Cooling connections 21 of the fuel cell unit 1 are connected to a cooling system to cool the fuel cell unit 1.
FIG. 2 schematically shows an exemplary embodiment of a fuel cell system.
The fuel cell system comprises a fuel cell unit 1 which is coupled on the input side to a hydrogen reservoir 3, from which hydrogen is conducted as fuel into the fuel cell unit 1. The coupling can take place by means of additional components, for example valves.
The fuel cell unit 1 is coupled to a recirculation fan turbocharger assembly 23 which both supplies air to the fuel cell unit 1 and recycles unused hydrogen into the fuel cell unit 1. In the fuel cell unit 1, the reaction of hydrogen and oxygen from the supplied air brings about a conversion of the chemical energy from hydrogen and oxygen into electrical energy, the power output 47 of which is illustrated by an arrow.
The recirculation fan turbocharger assembly 23 comprises a fan 25 which is designed to convey, and in the process compress, a hydrogen containing recycle stream 250, and a compressor 27, which is designed to compress and convey an air stream 270 for the fuel cell unit 1. An electric drive 31 drives the fan 25 and the compressor 27 jointly.
The fan 250 comprises a fan inlet 251, a fan outlet 253 and an impeller 255. The compressor 27 comprises a compressor inlet 271, a compressor outlet 273 and a compressor wheel 275. On the input side, the fuel cell unit 1 is coupled to the compressor outlet 273, via which compressed air is supplied, and the fan outlet 253, via which unused hydrogen is made available again. On the output side, the fuel cell unit 1 is coupled to the fan inlet 251 so that unused hydrogen flows out of the fuel cell unit 1 into the fan 25. Air is guided to the compressor 27 via the compressor inlet 271.
The housing of the recirculation fan turbocharger assembly 23 comprises a fan housing and a compressor housing which are designed in such a way that the hydrogen containing recycle stream 250 and the air stream 270 flow through the housing spatially separately from one another, without mixing.
The electric drive 31 is coupled between the fan 25 and the compressor 27 and comprises an electric motor 33 which drives both the compressor wheel 275 in the compressor 27 and the impeller 255 in the fan 25 so that air is conveyed to the fuel cell unit 1, and hydrogen is conveyed back to the fuel cell unit 1. The electric motor 33 can be in the form of a three phase permanent magnet motor.
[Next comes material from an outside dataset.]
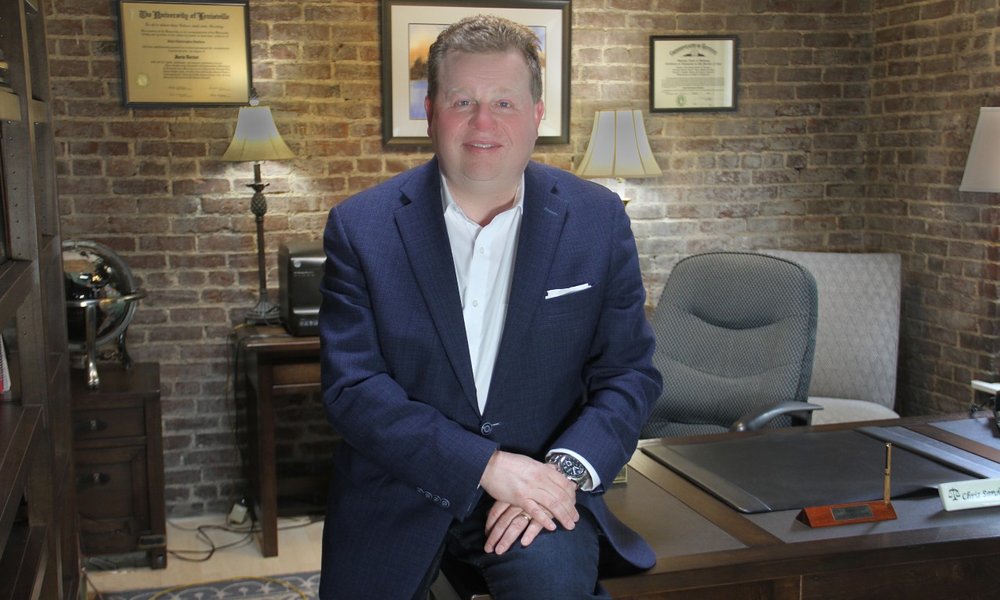 Photo of Chris Sanders Law
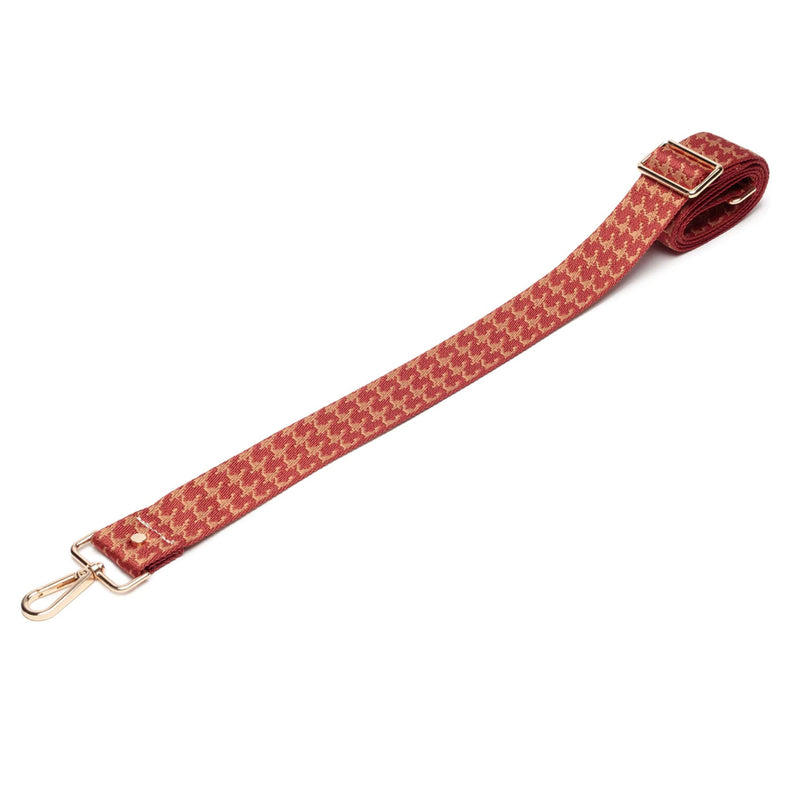 Ruby Dogtooth Strap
A control circuit 35 controls the electric motor 33 and is coupled to an electrical supply 49. The power supply of the electric motor 33 also takes place via the control circuit 35.
FIG. 3 schematically shows a rotor from the recirculation fan turbocharger assembly 23 from FIG. 2 . The rotor comprises the rotatable components of the recirculation fan turbocharger assembly 23.
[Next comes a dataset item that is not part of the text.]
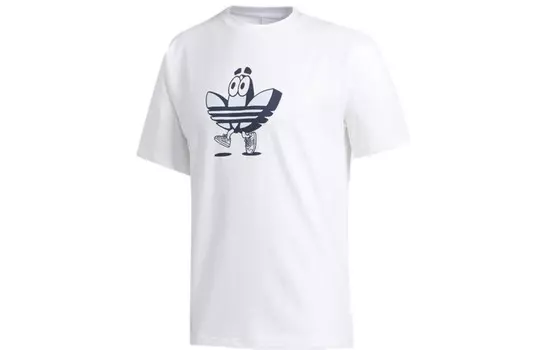 Футболка мужская белая Adidas Originals, белый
The rotor comprises the impeller 255 and the compressor wheel 275, which are coupled to one another in a rotationally fixed manner by means of a shaft 37. The shaft 37 is driven by the electric motor 33 and held by bearings 39. The electric motor 33 is arranged between the impeller 255 and the compressor wheel 275. The electric motor 33 is coupled to the shaft 37 so that the shaft can be driven by the electric motor 33. The impeller 255 and the compressor wheel 275 rotate at the same speed. However, because these have different designs, in particular different sizes, the performances thereof can be different and adapted to the operating requirements.
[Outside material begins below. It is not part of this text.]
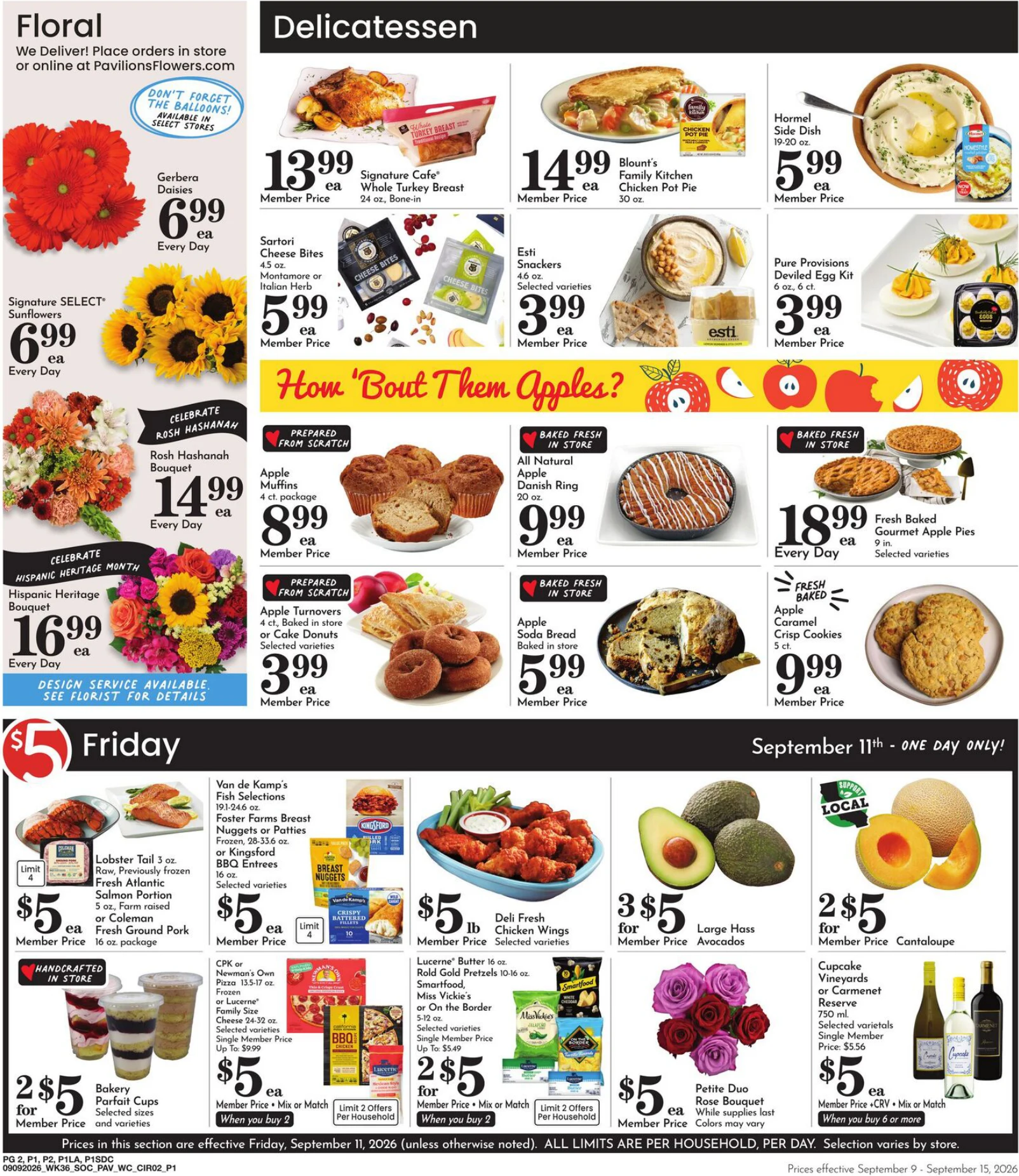 Pavilions Weekly Ad - Page 2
FIG. 4 schematically shows another exemplary embodiment of a fuel cell system.
The fuel cell system comprises a fuel cell unit 1 which is coupled on the input side to a hydrogen reservoir 3, from which hydrogen is conducted as fuel into the fuel cell unit 1.
The fuel cell unit 1 is coupled to a recirculation fan turbocharger assembly 23 which both supplies compressed air to the fuel cell unit 1 and conveys unused hydrogen back into the fuel cell unit 1. A fuel cell exhaust gas stream 290 substantially comprising water vapor, but also oxygen, is guided through the recirculation fan turbocharger assembly 23 in order to drive the air supply and hydrogen recycling. A hydrogen containing recycle stream 250, which is also provided on the output side of the fuel cell unit 1, is conveyed by the recirculation fan turbocharger assembly 23 back to the input of the fuel cell unit 1.
The recirculation fan turbocharger assembly 23 comprises a fan 25 which is designed to convey a hydrogen containing recycle stream 250, and a compressor 27, which is designed to compress an air stream 270 for the fuel cell unit 1. A turbine 29 is coupled to the fan 25 and the compressor 29 so that the turbine drives the fan 25 and the compressor 27 simultaneously. The turbine 29 can be driven by the fuel cell exhaust gas stream 290. An electric drive 31, which can drive the fan 25 and the compressor 27 jointly, is provided to assist the turbine drive.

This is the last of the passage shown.